With campaigning in full swing for Lebanon’s first national election in nine years, parliament candidate Laury Haytayan was trying to rope in passers-by with her message: She and other political outsiders are running in a new coalition that aims to be an alternative to the country’s traditional powers.
Some were clearly reluctant to engage, but that didn’t stop the irrepressible Haytayan.
“Hello! Are you registered to vote in Beirut?” she asked as she canvassed the capital’s Ashrafieh neighborhood one recent afternoon.
Some acknowledged they were not.
“That’s no problem,” said Haytayan, as she handed out brochures about the coalition, Kulna Watani —“We Are All Patriots,” in Arabic. Explaining that it was a break with the politicians who have run Lebanon for decades since the 1975-1990 civil war, she urged them to vote for it in their own districts.
Watani is hoping to ride a wave of discontent over the country’s failing public services, its daily water and power cuts, and its pervasive corruption to create an independent bloc in parliament.
But short on money and campaigning to an electorate doubtful that change is even possible, it is unlikely to win more than a handful of seats in Sunday’s parliamentary election.
“We are going to the streets and meeting lots of people who say to us, ‘We can’t change anything in Lebanon,’” the 42-year-old Haytayan said. “Their experience is right because every time they vote for the same individuals and same people and same political class, because there was no alternative. But today, we created an alternative.”
Pierre Choueiry, 27, said he agreed it was time for a change, but wouldn’t promise his vote. He said he thought the Lebanese Forces, a former Christian militia during the civil war, was needed to protect Lebanon’s Christian population.
“We hope one day we can have someone like you with us,” he told Haytayan.
Philippe Aoun, who greeted Haytayan with a smile at his hair salon, said he was voting for the party of incumbent President Michel Aoun. He said he was confident Aoun, who has been in office for 18 months, would steer the country out of its many crises. The two are not related.
Fielding 66 candidates in nine of Lebanon’s 15 election districts, Watani is the largest coalition of political outsiders and independents to run for office since the civil war.
Many are civic activists who rose to prominence as protest organizers over a 2015 trash collection crisis that left garbage in the streets for months and laid bare the extent of the public sector mismanagement plaguing Lebanon. And many were active well before that, struggling to chip away at the complex political patronage networks that have kept the country’s civil war-era warlords and their sons in power since 1990.
Other candidates are businessmen, engineers and former journalists like Haytayan, who used to be a reporter on a 1990s TV political news program that has since gone off air. Today she is a manager at the Natural Resource Governance Institute, an international nonprofit.

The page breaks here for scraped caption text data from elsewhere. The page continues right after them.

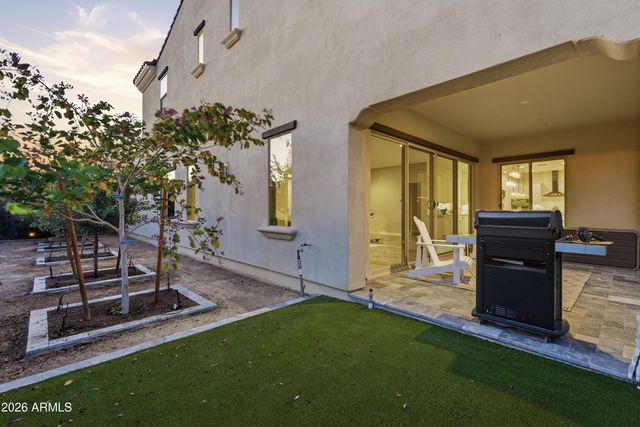1951 W PASO Trail, Phoenix, AZ 85085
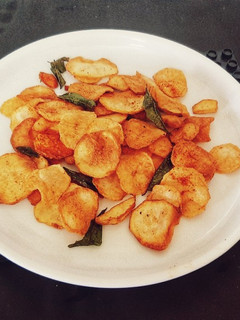 உருளைக்கிழங்கு சிப்ஸ்(POTATO CHIPS RECIPE IN TAMIL) செய்முறை முக்கிய புகைப்படம்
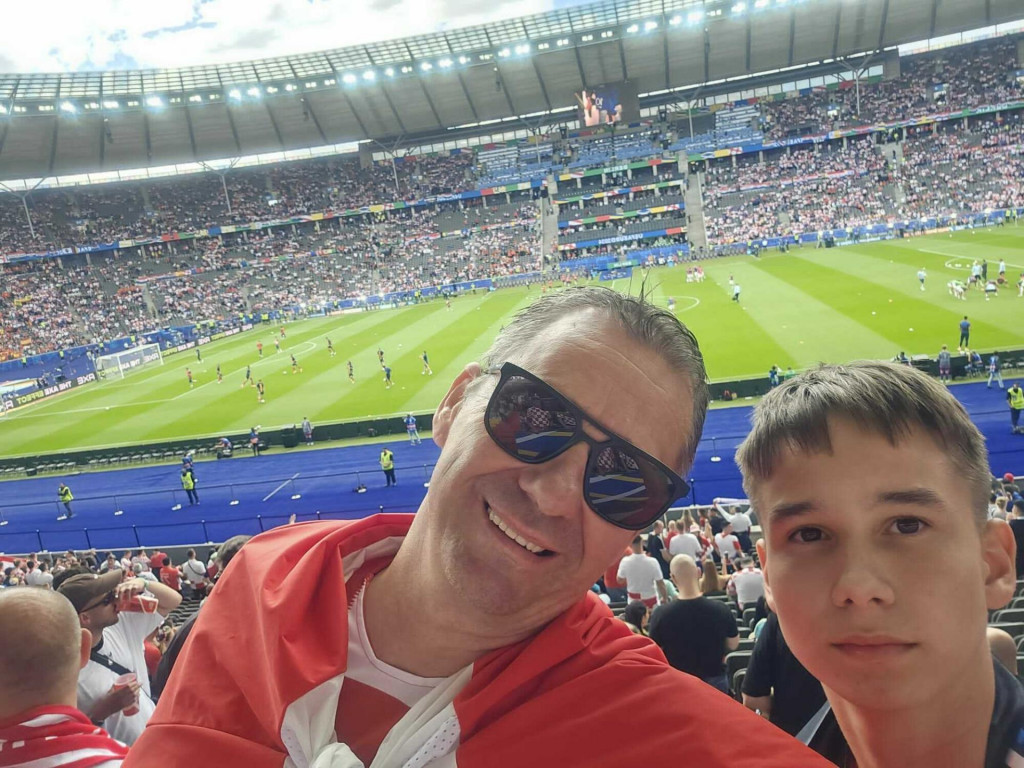 &lt;p&gt;Marin Mikšić i sin na tribinama Olimpijskog stadiona u Berlinu&lt;/p&gt;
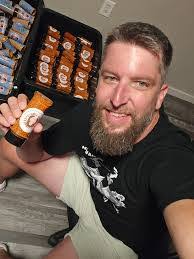 Lindsay Hambly's Instagram, Twitter & Facebook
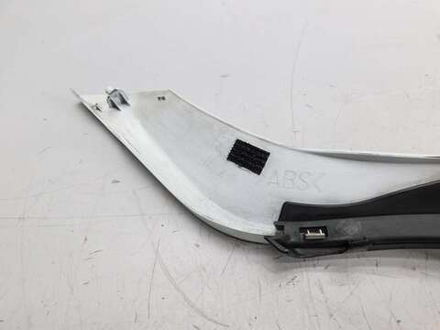 Пластик боковой правый Suzuki Gladius SFV650A 47111-44H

Haytayan has made a run for parliament twice before, in 2013 and 2014, but those votes were cancelled by politicians who extended their own mandates, citing security concerns caused by the war in neighboring Syria.
Despite a climate ripe for change in this election, polls indicate the Watani coalition’s only hope for victory is in a small Beirut district represented by eight seats in the 128-seat national assembly, according to political analyst Abdo Saad, the director of the Beirut Center for Research and Information.
Aware of the challenges, Haytayan and other Watani candidates have adjusted their expectations.
“There will be pressure on the incumbents for them to change their ways,” even if few political outsiders get in, Haytayan said.
Sunday’s election is the first since the reorganization of Lebanon’s electoral map, which consolidated 23 districts into 15 and awarded seats by the share of the vote received, instead of on the principle of winner-takes-all.
For outsiders and independents to win big, there would have to be a single electoral district for the whole country, where their influence can’t be diluted through gerrymandering, Saad said.
Facing political dynasties that have raised fortunes through political deal-making, the Watani coalition and another list of political outsiders, Sawt al-Nas, or “The Voice of the People,” are finding themselves hopelessly outspent in the contest for airtime and votes.
The main news channels, which once showered the 2015 garbage pickup demonstrations with favorable coverage, are now charging candidates tens of thousands of dollars for interviews.
Just registering a candidacy costs $5,300 in fees.
According to Saad Hariri, many voters are expecting to be compensated for their vote by establishment candidates promising $200 and sometimes many times more.
“In Lebanon, we have nothing called fair and equal. Our elections are for the rich,” said Naamet Badreddine, 37, a candidate for Sawt al-Nas and a former leader of the 2015 demonstrations over the trash crisis.